Although rising stars such as Nesher's tea and Luckin Coffee like to tell stories to capital with high growth, it cannot be ignored that Starbucks is not growing slowly around the world and shows a certain resilience. Although Starbucks revenue contracted year-on-year in fiscal 2020 due to the epidemic, it has returned to pre-epidemic levels in fiscal 2021, and the compound growth rate of the next two years is still more than 4%.

Luckin blood change, fawn reborn? Luckin changed blood, the fawn is not the same as before to raise the cup price, Luckin is close to the profit horizontal comparison: it is still difficult to compete with Starbucks

From the perspective of stock prices, Starbucks has risen and fallen since the second half of 2020, and the highest has even reached almost double before the epidemic, which also reflects that perhaps Starbucks' growth data will not let capital give Starbucks a higher valuation, but such growth rates have also laid a benchmark for the industry that is close to the bottom line.

Luckin blood change, fawn reborn? Luckin changed blood, the fawn is not the same as before to raise the cup price, Luckin is close to the profit horizontal comparison: it is still difficult to compete with Starbucks

In summary, it can be said that Luckin Fawn has stabilized its position. In recent months, the coffee investment trend has risen and fallen again, after experiencing the blossoming of multi-brand comprehensive financing, today's capital withdrawal from the investment of star brand Manner Coffee (Investment Network Report) is seen as representing this round of trend ushered in a phased decline. It can be said that during the period of damage to the vitality of the Luckin brand, there is no domestic competitor that can be compared with it to replace the upper position.
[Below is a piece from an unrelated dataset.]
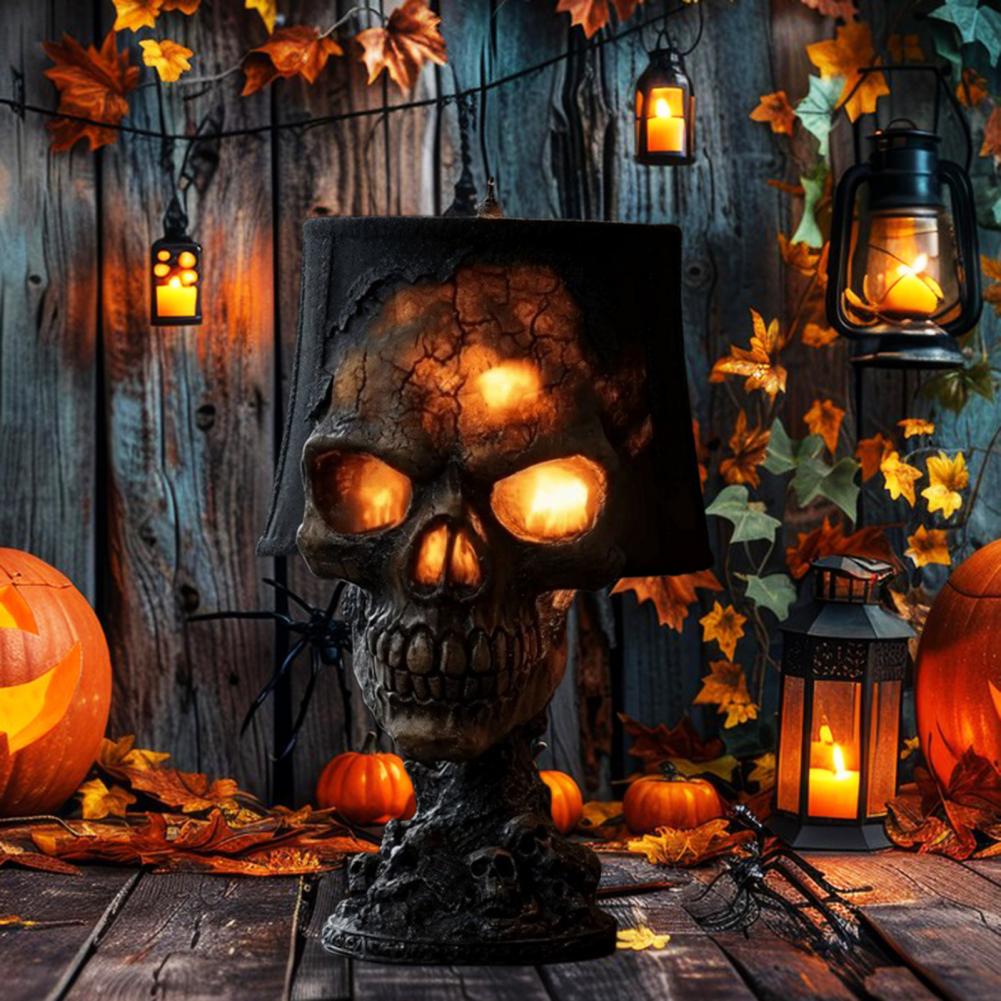 Halloween Lava Stone Skull Lam - Unique Lighting Decor recensie en prijs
Looking at the Canadian brand Tims Coffee, which was laid out in China after the Luckin incident, the june 2021 report showed that the number of stores in China was in the order of 200. It is no wonder that after experiencing numerous changes, people found that in the coffee track, "the domestic brand that really occupies an absolute advantage is still Luckin".

Can the reborn Luckin 2.0 fight again? Will the third quarter performance with hidden "raw coconut performance" exceed expectations?

In fact, perhaps regaining the market's attention to its business fundamentals, Luckin has successfully regained its life.